Suddenly his voice was more than a memory; it filled the room, flowing through Kate like the Blue River, until she was full of the sound and the music of it.
“The new enterprise has two purposes,” he said, “to employ the people who need work as well as to preserve and promote Chickasaw culture.”
His face filled the screen, chiseled and so beautiful, it took away Kate’s ability to breathe. The camera panned to woven baskets and hand-painted pottery, and the honey-voiced Southerner waxed eloquent about the art; but Kate still saw and heard Eagle. Only Eagle.
“Katie.” She felt her mother’s hand on her arm. “Are you all right?”
“I’m fine.”
“You remind me of the way I used to look forty years ago when I knew Mick would be calling.”
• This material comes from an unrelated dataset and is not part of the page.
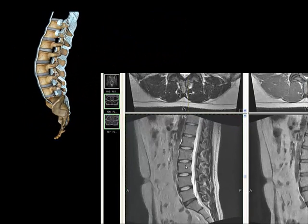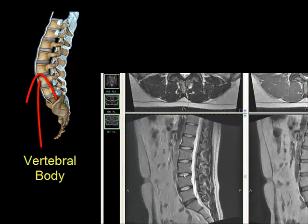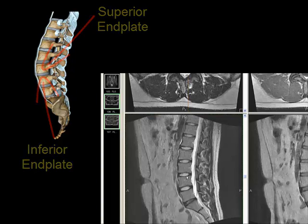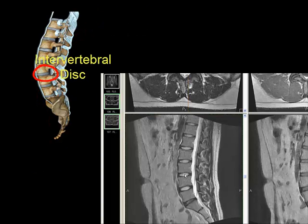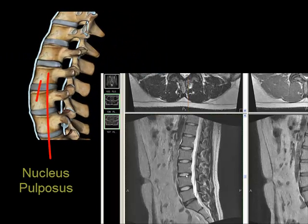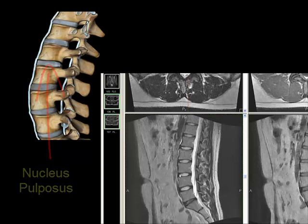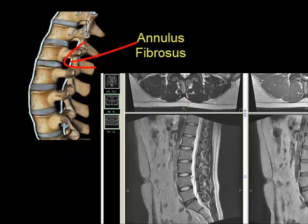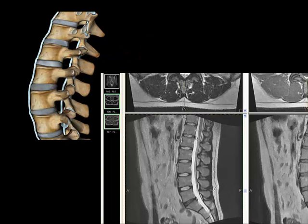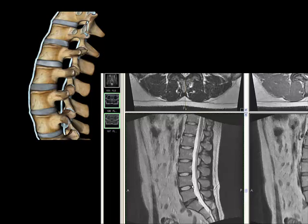This is a vertebral body here, here, and here. This is an inferior end plate here and a superior end plate here, and in between is the intervertebral disc. The bright, or hyper-intense part in the middle is the nucleus pulposus, and the dark, or hypo-intense periphery is the annulus fibrosus. The annulus fibrosus should be nice and flat with the back edge of the bone, and if that's the case, it's just going to be a nice flat line all the way down the spine.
Kate walked toward a chair, keeping her eyes on the television screen, although she knew that she’d seen the last of Eagle Mingo. Wake Up, Charleston featured sound bites, not in-depth reporting.
The cameras were panning across a zoo now, in Washington, D.C., honing in on the pandas.
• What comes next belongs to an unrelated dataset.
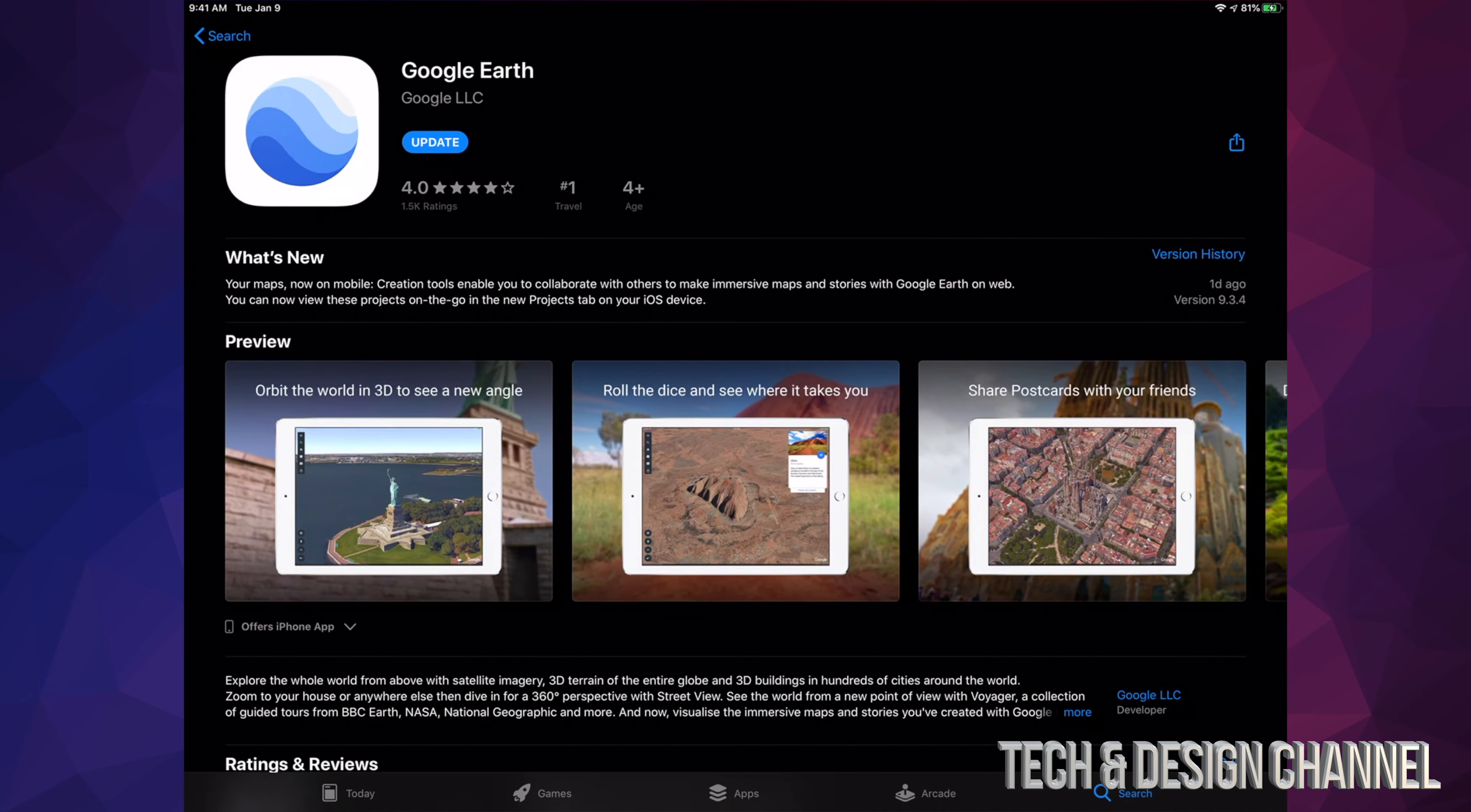Hey guys, on today's video we're going to be updating your apps right here on your iPad. It doesn't really matter if you have an iPhone, iPad, iPod touch - it's all the same, same instructions.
“Mother, what are you going to do?”
“I thought I’d go down to the nursery and buy some plants. Don’t you think flower beds would look nice in front of the cottage?”
“I’m not talking about today. I’m talking about the next few months, the next few years.”
“My future, you mean?” Martha laughed then inspected her hands. “I don’t know, Katie. I don’t need the money, but I realize I can’t depend on you the rest of my life to keep me company and make all my decisions.”
“Wasn’t there anything you wanted to do? Any burning ambition you had when you were young?”
“Not like you. You’re like Mick. Both of you always knew exactly what you wanted.”
A long silence fell over them. Finally Martha went to the window and opened it wider to let in the breeze.
“I used to think I might like to be a concert pianist,” she said almost timidly. “But my hands are too stiff now and my skills too rusty. It’s far, far too late for those dreams.”
“If I left, would you stay here? At the cottage?”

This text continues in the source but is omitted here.